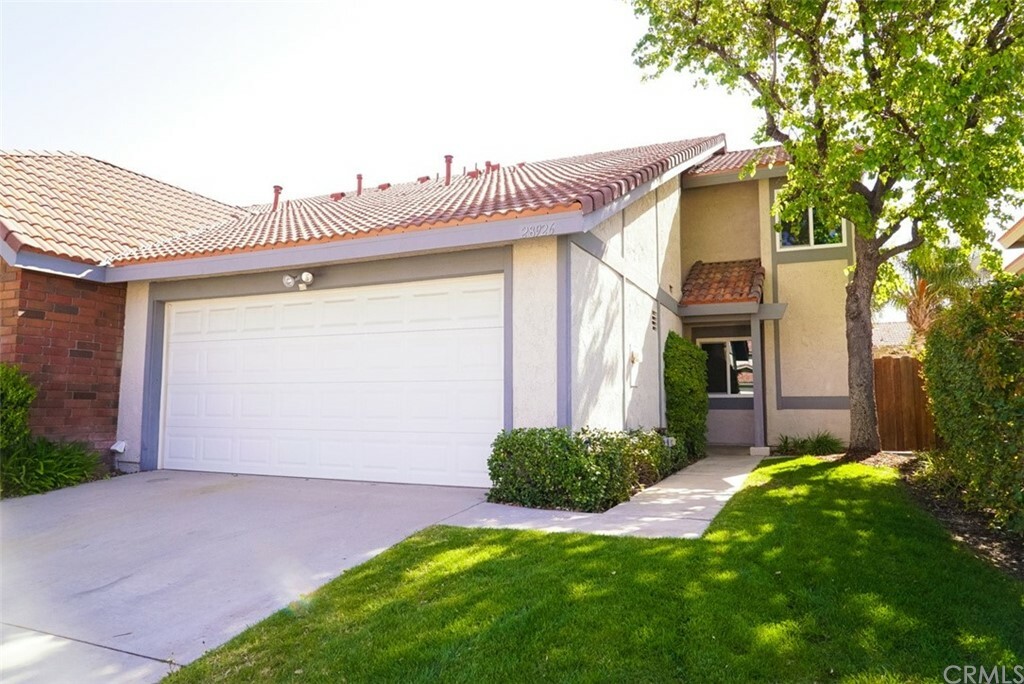 28926 Marilyn Dr  Canyon Country CA 91387 photo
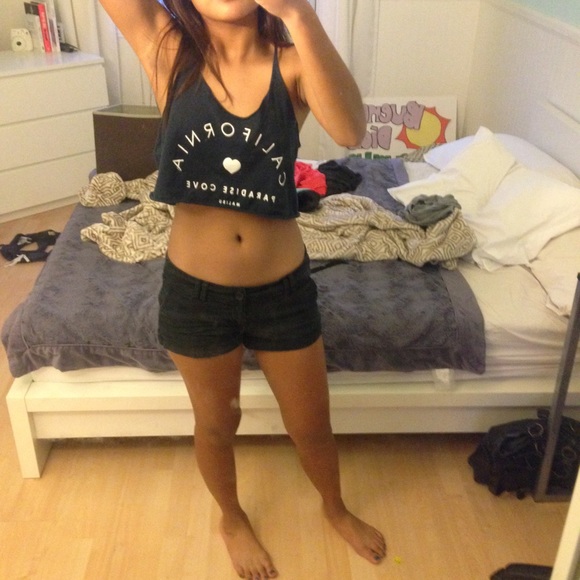 Cropped Brandy Top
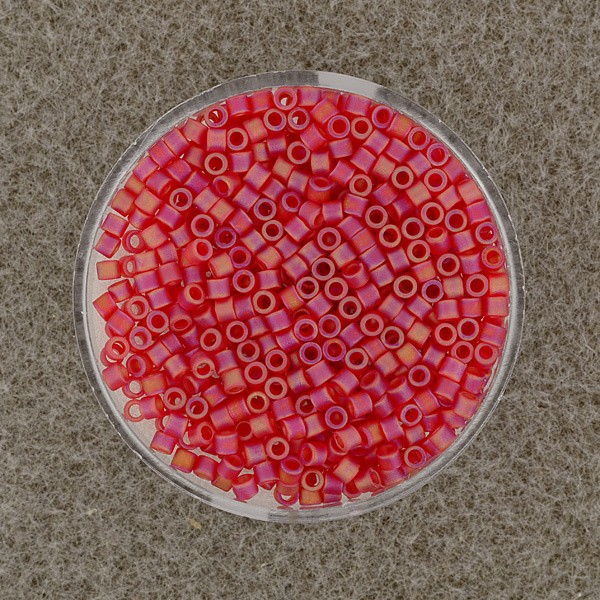 96641164_Delica-Beads-2,2mm-rot-AB-matt-7g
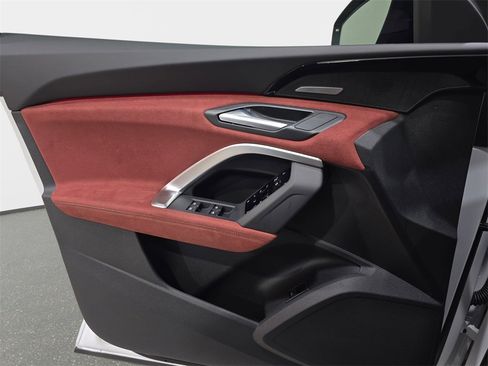 New 2025 Audi SQ5 Premium Plus image 27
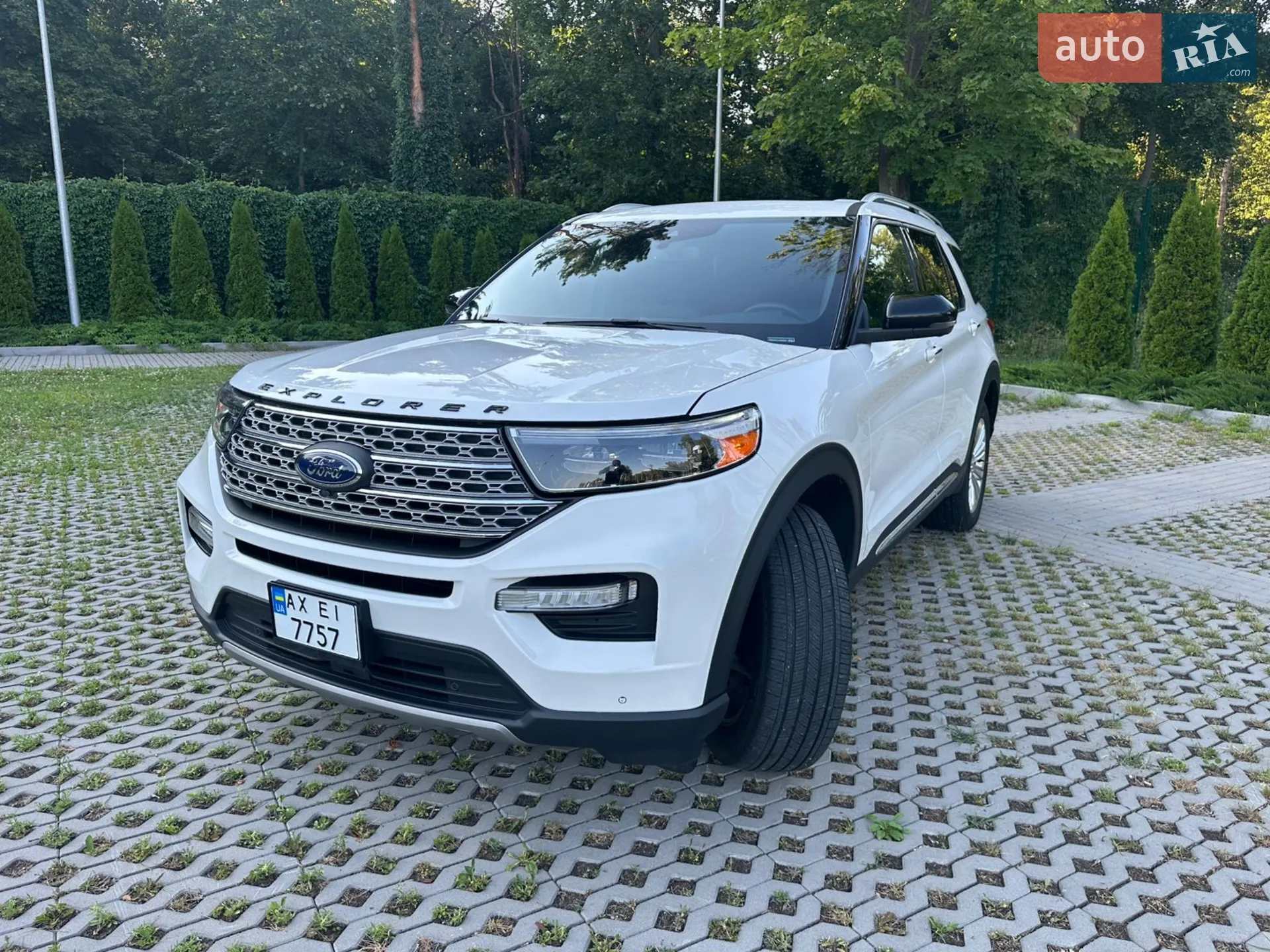 2020 Ford Explorer - фото 1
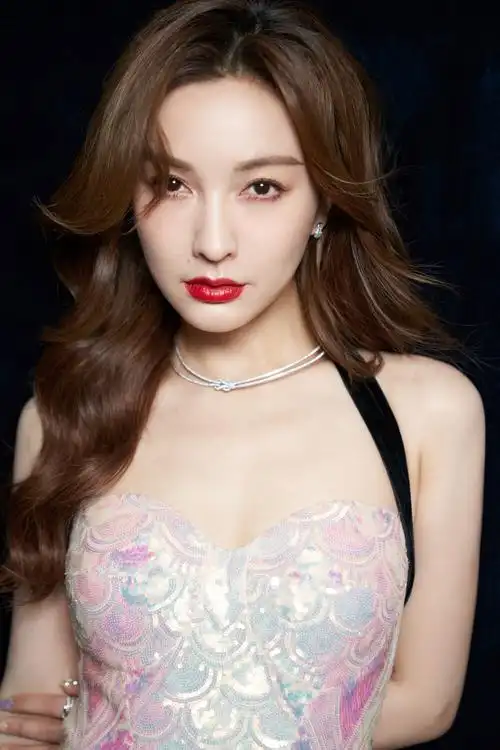 吴昕2020cosmo时尚盛典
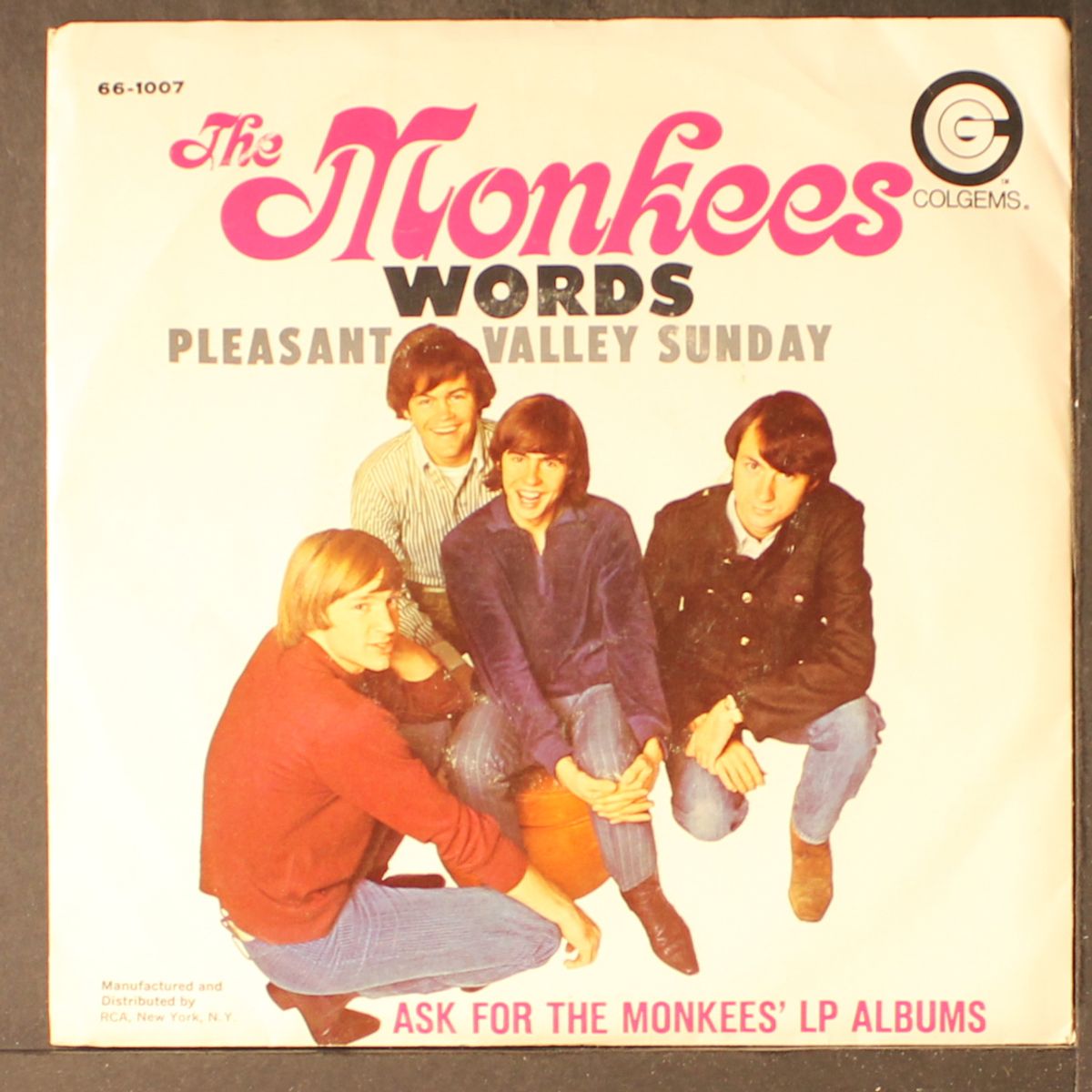 pleasant valley sunday / words by MONKEES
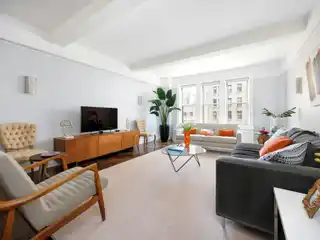 Renovated Classic 7 Right off Central Park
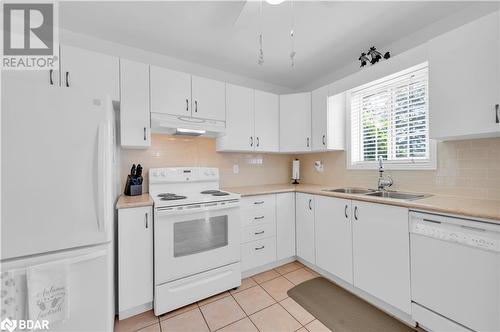 351 Cannifton Road Unit# 17, Belleville, ON - Indoor Photo Showing Kitchen With Double Sink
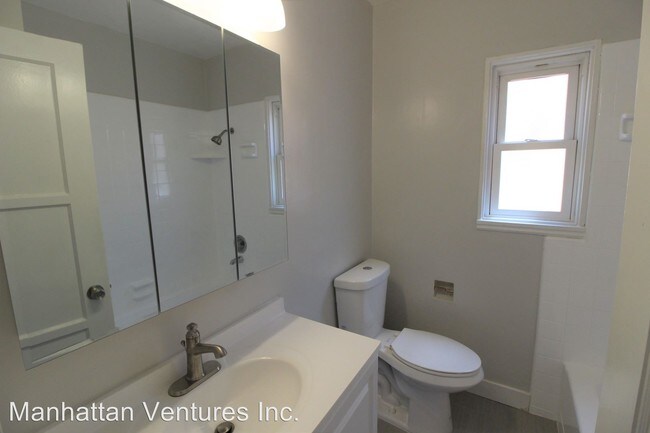 Building Photo - 641 W Glenoaks Blvd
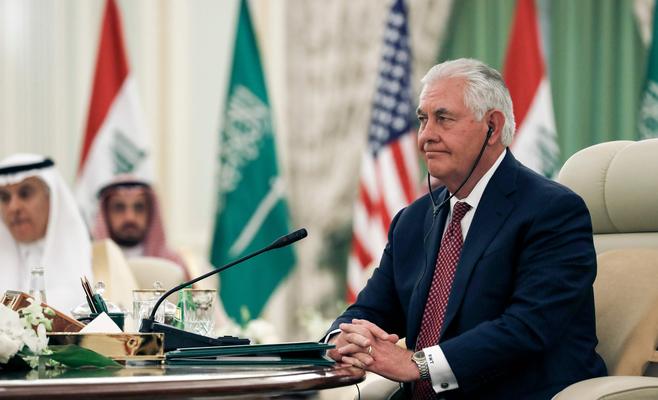 تيلرسون يدعو الميليشيات الإيرانية لمغادرة العراق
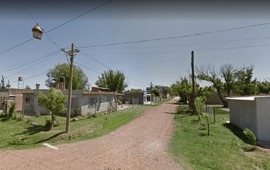 El doble crimen ocurri&oacute; este s&aacute;bado despu&eacute;s del mediod&iacute;a en el barrio Retiro de Fray Luis Beltr&aacute;n. (Imagen Google)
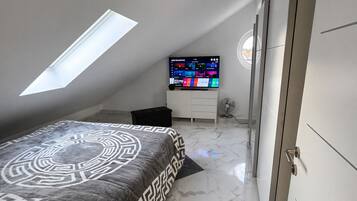 1 bedroom, desk, free WiFi, bed sheets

§ §

• **How to complete this task**:
Please copy every entry exactly, without the pictures.

• **Response to the task**:
 28926 Marilyn Dr  Canyon Country CA 91387 photo
 Cropped Brandy Top
 96641164_Delica-Beads-2,2mm-rot-AB-matt-7g
 New 2025 Audi SQ5 Premium Plus image 27
 2020 Ford Explorer - фото 1
 吴昕2020cosmo时尚盛典
 pleasant valley sunday / words by MONKEES
 Renovated Classic 7 Right off Central Park
 351 Cannifton Road Unit# 17, Belleville, ON - Indoor Photo Showing Kitchen With Double Sink
 Building Photo - 641 W Glenoaks Blvd
 تيلرسون يدعو الميليشيات الإيرانية لمغادرة العراق
 El doble crimen ocurri&oacute; este s&aacute;bado despu&eacute;s del mediod&iacute;a en el barrio Retiro de Fray Luis Beltr&aacute;n. (Imagen Google)
 1 bedroom, desk, free WiFi, bed sheets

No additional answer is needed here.